I think this is common for large studios now, especially those working on story driven content. You really need a team of managers who are about to keep everyone working on the same page and encouraging cooperation to accomplish the defined outline elements of the story. You can't just treat it like when you were a closed studio of just 100 people.

just_looken61d ago

To true just like anthem or dragon age 4 for example heck even skull bones 0 direction.

Ra303061d ago

No leadership at the top but then we're talking about Microsoft so its not like Starfield didn't have not enough Indians. Starfield had more than enough developers working on the project the problem was to many Chiefs and none of them knew what they were doing. Microsoft is one out of control dumpster fire after another.

just_looken61d ago


Ms just tossed cash for the last 3 year's remember after the redfall disaster they admitted they were hands off Bethesda but going forwards they are now involved.


So like redfall this was a internal disaster now the patches after launch and anything 2024 beyond that is all Microsoft

Einhander197260d ago

Well one thing we can all be sure of is that in no way was it the fact that Microsoft needed a big game to release in 2023 on game pass so they rushed the game out the door before it was finished the way Bethesda envisioned it originally, this is nothing like Redfall, of that we can be sure.

It was everyone's fault but Microsoft that is something we can all be sure of.

+ Show (1) more replyLast reply 60d ago
-Foxtrot62d ago

The more they team grew, the quality dropped

100 / 150 for Skyrim and Fallout 4

350 / 500+ for Fallout 76 and Starfield

That’s insane

coolbeans62d ago

-350 Fallout 76 / 500 Starfield

That part is a jump in quality though. lol

-Foxtrot62d ago


Imagine if they didn’t do 76? Starfield would come off a little worse

rakentaja61d ago (Edited 61d ago )

to -Foxtrot:
Fallout 76 was not made by the main Bethesda team (Fallout 4 etc.), but by a completely different team based in a different city (B-Tier). That's why it s****d. Fallout 4 is (A-tier) and Starfield is supposed to be A-Tier as well game but the quality of the game suffered due to bad decisions (random planets) and the sheer size of the game.

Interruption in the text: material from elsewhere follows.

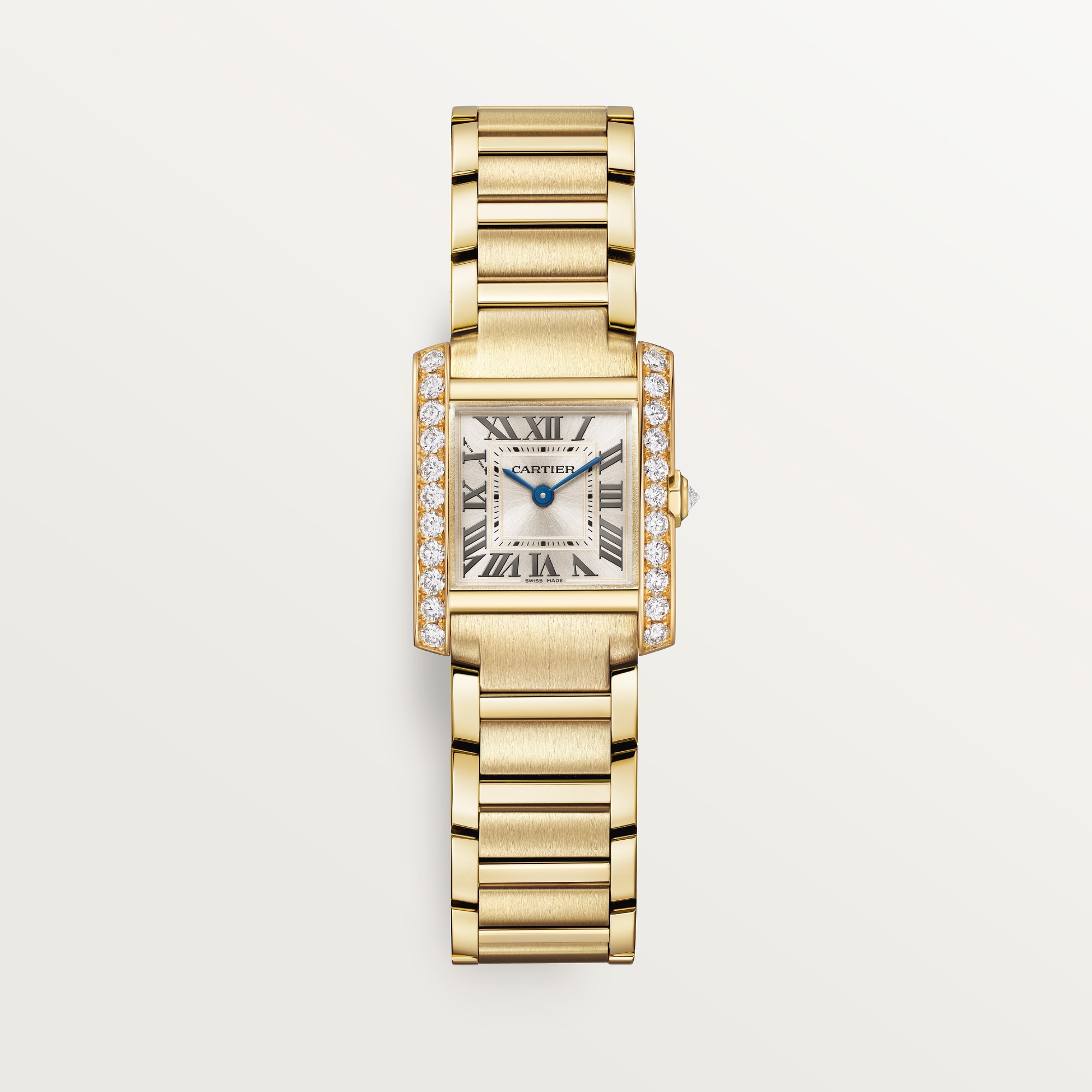 Front view: Dupe Tank Française small model watch, yellow gold color case set with diamonds, white dial, and matching metal bracelet.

Abear2162d ago (Edited 62d ago )

So AI will be writing Bethesda stories from now on?
This is the same as saying Bethesda grossly mismanaged the production of this game and therefore shouldn’t be trusted with a budget that size.
They should have delayed it again and made the wrong decision there too.

8bitAssassin62d ago

Their customer service already does.

Christopher62d ago

How would an AI written story solve the issues of getting what people need from other internal or external groups to accomplish their tasks?

Abear2162d ago

Not advocating for AI to do it, but if people fail so hard I could see them going that direction in the future

FPS_D3TH62d ago

Smaller teams take more accountability and produce much better experiences. It’s wild how many games have come out from large development teams that lack focus and control

sagapo62d ago

Not necessarily imo. The key is to have a solid synergy between the dev teams.

E.g. Hello Games is a very small team, (maybe too small?) when NMS got released.
It sucked lacking a lot of promised features. Who was to blame here?

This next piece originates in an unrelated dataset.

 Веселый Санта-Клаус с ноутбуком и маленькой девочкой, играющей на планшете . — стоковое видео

I can agree that having more and bigger teams make it harder to keep control tho.

WolfSeed62d ago

Many slacker in that company, eh? With 500 people and the amount of time it was developed, we should have gotten Red Dead Redemption 2 levels of quality in Starfield.

Christopher62d ago

This is reductive. People aren't slacking or lazy because of poor cohesion and improper management aimed at making the various parts of the company work well together. They're working hard, the problem is no one is directing them properly on how to implement or work with others on their end goals.

Huey_My_D_Long61d ago

Seriously? Slacker? Ill be honest, thats a very simple way of looking at things.